They must be segregated... end of, cooked product is a high risk area and raw product is a low risk area. The standard states:

 

" Where high risk areas are part of the manufacturing site, there shall be physical segregation between these areas and other parts of the site. segregation shall take into account the flow of product, nature of materials, equipment, personnel, waste, airflow, and air quality and utilities provision (including drains). The location of transfer points shall not compromise the segregation between high risk and other areas of the factory. Practices shall be  in place to minimise risk of product contamination (e.g. disinfection of materials on entry).

Hi and thanks for your reply.

Let me explain the procedure :) The cooked product I am talking about is not 100% cooked and it s par-backed. So there is no high care area as we are not selling the par-baked product as ready to eat.
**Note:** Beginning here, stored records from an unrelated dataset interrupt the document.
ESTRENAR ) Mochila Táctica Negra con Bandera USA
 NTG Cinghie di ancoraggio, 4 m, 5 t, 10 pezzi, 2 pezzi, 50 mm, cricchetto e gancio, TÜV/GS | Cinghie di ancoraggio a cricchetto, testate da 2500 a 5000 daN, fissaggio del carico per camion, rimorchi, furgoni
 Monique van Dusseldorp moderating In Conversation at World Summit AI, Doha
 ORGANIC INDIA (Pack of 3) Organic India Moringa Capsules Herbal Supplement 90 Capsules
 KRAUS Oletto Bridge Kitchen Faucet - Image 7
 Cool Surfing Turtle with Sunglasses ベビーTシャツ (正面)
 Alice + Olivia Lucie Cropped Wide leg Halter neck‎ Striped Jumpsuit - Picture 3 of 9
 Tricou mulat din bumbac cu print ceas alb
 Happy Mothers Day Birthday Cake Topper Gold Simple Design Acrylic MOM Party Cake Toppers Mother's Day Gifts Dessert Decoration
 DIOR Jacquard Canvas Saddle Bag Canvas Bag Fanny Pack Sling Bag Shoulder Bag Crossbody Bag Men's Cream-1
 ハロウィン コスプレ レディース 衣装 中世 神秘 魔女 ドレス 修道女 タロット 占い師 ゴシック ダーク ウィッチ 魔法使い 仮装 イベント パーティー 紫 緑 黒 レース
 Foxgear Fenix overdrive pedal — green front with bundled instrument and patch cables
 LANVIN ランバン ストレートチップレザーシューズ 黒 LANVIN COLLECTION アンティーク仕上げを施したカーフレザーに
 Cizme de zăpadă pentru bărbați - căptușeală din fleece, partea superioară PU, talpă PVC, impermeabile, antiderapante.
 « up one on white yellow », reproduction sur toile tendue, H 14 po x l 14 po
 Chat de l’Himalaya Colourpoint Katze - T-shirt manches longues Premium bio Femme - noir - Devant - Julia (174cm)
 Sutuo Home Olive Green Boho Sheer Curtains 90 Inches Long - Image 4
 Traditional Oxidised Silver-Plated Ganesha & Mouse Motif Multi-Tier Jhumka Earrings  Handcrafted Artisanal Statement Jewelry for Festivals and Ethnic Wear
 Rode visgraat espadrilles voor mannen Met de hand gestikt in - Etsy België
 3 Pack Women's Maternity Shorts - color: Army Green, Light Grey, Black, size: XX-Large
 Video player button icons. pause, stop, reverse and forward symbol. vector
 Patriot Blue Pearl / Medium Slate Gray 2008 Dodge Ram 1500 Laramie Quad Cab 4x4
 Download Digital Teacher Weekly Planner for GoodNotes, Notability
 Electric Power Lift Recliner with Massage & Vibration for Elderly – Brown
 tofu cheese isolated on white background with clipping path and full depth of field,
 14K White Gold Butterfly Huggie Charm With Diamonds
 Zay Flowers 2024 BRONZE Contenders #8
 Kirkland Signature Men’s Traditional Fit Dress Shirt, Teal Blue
Although par-backed product is 95% cooked but  we have next cooking/baking step ( in store or at home ) by costumer which can eliminate any microbiological hazard.

Both area is medium care , with exposed finished product . Just one product is frozen, and another one is par-baked .

trubertq,

 

Thks for the sec. 4.3.5

 

The word "expected" was perhaps poorly chosen inasmuch as sec.4.3.5 uses "shall". "Required" seems more appropriate.

 

Curiously, the above phraseology is repeated identically for high-care products although the related sec.4.3.6 uses "should" due, presumably, to the additional stated option.

 

I daresay "expected" just happened to be handy at the time of BRC's drafting the standard.

 

"Newly" also pops up in another strange paragraph. i won't try to analyse/interpret this one. :smile:

Yes, This one a bit confusing as both products at the same production area are not ready –to eat. No high care area. Just one is raw frozen, one is cooked frozen ! 

Hi Atessa,

 

Thank you for the expansions and Yes, the process details do have a few confusions. :smile:

 

Are you actually generating the parbaked product ("parbaked" seems similar to what I call "precooked"  but "more" cooked-baked :smile: )  yourself or is your total operation one of packing only ?

 

I was unable to find any usage of the term "medium care" in UK version - BRC7. (though i recall TESCO UK confusingly invented (or perhaps borrowed) it for their own FS system).

 

Australian version of  BRC7 perhaps ?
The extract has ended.